The duo combined for 36 of the Bulls’ 52 second-half points after a near-disastrous start — the kind they can’t afford to have from this point forward. Rose went scoreless in the first half, missing all seven of his shot attempts while Butler missed his first six 3-point attempts.
“First half, I was missing shots,” Rose said. “I was just trying to get everybody into the game. We went up one at halftime. The second half, it’s a different game.

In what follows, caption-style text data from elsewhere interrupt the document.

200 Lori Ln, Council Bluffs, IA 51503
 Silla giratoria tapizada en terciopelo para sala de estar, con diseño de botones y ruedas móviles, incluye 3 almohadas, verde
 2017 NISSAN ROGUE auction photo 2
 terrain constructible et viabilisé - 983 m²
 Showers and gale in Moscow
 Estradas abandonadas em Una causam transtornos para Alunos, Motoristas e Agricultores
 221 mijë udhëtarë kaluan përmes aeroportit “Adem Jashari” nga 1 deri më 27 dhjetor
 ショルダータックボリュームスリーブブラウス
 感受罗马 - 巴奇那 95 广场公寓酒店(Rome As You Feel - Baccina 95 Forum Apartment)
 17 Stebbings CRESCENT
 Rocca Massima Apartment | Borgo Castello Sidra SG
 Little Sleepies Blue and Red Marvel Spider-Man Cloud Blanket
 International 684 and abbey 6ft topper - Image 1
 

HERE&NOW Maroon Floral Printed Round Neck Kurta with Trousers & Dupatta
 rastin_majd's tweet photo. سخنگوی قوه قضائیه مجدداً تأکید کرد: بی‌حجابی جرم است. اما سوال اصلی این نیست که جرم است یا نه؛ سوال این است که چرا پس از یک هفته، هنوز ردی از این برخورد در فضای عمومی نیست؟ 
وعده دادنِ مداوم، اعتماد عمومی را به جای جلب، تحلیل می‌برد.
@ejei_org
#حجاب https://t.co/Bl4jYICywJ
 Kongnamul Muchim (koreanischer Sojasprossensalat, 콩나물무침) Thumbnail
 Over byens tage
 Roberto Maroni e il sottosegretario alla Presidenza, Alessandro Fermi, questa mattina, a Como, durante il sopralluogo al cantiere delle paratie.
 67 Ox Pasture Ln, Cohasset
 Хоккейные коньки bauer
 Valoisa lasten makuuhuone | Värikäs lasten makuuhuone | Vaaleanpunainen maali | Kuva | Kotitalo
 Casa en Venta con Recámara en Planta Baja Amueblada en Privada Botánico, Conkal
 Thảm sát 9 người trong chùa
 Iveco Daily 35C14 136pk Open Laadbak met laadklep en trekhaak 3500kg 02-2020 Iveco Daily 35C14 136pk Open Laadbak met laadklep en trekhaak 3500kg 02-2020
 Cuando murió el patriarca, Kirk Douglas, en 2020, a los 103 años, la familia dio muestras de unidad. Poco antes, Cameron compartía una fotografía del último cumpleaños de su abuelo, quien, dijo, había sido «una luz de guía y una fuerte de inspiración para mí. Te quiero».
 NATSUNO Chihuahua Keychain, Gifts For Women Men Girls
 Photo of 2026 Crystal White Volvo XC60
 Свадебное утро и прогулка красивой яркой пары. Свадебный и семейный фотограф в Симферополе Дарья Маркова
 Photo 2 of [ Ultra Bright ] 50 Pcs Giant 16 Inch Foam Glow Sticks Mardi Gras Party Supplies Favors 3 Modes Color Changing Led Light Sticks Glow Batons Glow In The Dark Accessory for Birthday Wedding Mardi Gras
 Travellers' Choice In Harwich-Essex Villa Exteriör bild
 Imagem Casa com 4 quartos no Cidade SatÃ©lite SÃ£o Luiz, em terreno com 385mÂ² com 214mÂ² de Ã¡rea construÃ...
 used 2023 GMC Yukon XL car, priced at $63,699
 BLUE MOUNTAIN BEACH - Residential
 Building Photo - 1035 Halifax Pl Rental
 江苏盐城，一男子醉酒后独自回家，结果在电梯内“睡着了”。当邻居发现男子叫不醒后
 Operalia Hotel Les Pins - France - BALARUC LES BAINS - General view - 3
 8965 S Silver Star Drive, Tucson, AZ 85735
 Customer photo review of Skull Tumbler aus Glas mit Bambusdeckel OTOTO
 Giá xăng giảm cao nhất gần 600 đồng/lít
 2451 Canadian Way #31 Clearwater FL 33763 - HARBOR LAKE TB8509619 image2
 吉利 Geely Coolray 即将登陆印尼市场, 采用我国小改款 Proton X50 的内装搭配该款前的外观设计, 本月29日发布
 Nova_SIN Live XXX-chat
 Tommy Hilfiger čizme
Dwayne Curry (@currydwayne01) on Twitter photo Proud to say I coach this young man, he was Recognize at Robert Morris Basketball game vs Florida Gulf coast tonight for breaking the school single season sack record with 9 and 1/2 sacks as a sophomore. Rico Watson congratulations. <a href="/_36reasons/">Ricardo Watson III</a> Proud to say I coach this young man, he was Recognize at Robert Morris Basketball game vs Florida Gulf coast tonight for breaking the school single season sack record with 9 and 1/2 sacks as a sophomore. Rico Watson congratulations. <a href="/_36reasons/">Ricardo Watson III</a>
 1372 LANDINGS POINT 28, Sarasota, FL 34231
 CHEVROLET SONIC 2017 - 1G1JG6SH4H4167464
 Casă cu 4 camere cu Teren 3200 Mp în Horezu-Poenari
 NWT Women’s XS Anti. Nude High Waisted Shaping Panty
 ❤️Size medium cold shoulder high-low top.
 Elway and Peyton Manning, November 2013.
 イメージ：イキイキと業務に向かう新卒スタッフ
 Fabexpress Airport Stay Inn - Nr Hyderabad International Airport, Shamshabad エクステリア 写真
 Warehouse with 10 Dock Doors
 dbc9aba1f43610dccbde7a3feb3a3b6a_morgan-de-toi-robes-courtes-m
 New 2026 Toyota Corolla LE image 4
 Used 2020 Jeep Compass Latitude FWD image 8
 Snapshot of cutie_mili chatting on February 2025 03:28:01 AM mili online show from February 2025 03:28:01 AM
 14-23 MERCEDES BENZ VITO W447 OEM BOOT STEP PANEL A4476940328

It’s kind of like the restart button where you forget about the first half and just go out and play.”
No one would ever accuse Rose of hesitating, so it was no surprise when he unexpectedly received a kickout pass from Mike Dunleavy, he looked down before stepping back to launch a triple — where finally he and the ball were on the same accord.
A few possessions later, the crevices of a ridiculously tough Bucks defense provided just enough sunlight for Rose to slide through and get a lefty layup to fall, right before he tossed a crosscourt lob pass to Butler for a layup that signaled the Bulls finally finding their offensive rhythm.
For Butler, it didn’t take much for him to catch the feeling Rose had in the third quarter of Game 1 — having the ball on a string, the game in your hands and knowing no one can truly stop you on a given night.
“I think I took a lot of bad shots that happened to go in,” said Butler, who shot 10 for 19 from the field for a game-high 31 points and nine rebounds.
But Butler’s emergence is the strongest reminder that Rose doesn’t have to do it all by himself anymore, which he certainly has appeared to recognize given his strong floor game. Rose’s nine assists were his 11th playoff game with nine or more, and he didn’t turn the ball over at all in the second half.
“He definitely makes it a lot easier,” Butler said. “When he’s on the floor, people pay attention to him a lot more than they do me. So all I have to do is step up and make my shots.”
Rose’s jumper with less than a minute remaining complemented Butler’s fourth-quarter explosion where Butler scored 14, and quietly, is averaging 28 points on 55 percent shooting in the first two games this series.
“Huge. Huge. It’s always a plus when you got a guy that talented and confident in his game,” said Rose of Butler. “We’ve seen him put the work in. And he’s actually out there showing that it’s paying off. If anything, it pushes us as a team to work on our game individually and with everyone doing that, it gives us a good chance to win.”
The Bulls still shot just 37 percent in the second half, but Rose and Butler combined to go 11-for-18 — meaning their teammates hit just five of their 25 attempts after halftime.
“We’re playing the game the right way, and that will get guys their shots,” Butler said. “Any night someone can score 30. All I have to do is step up and make my shots.”
It’s a reminder they need to play more to develop more continuity, because they’ll need it sooner rather than later.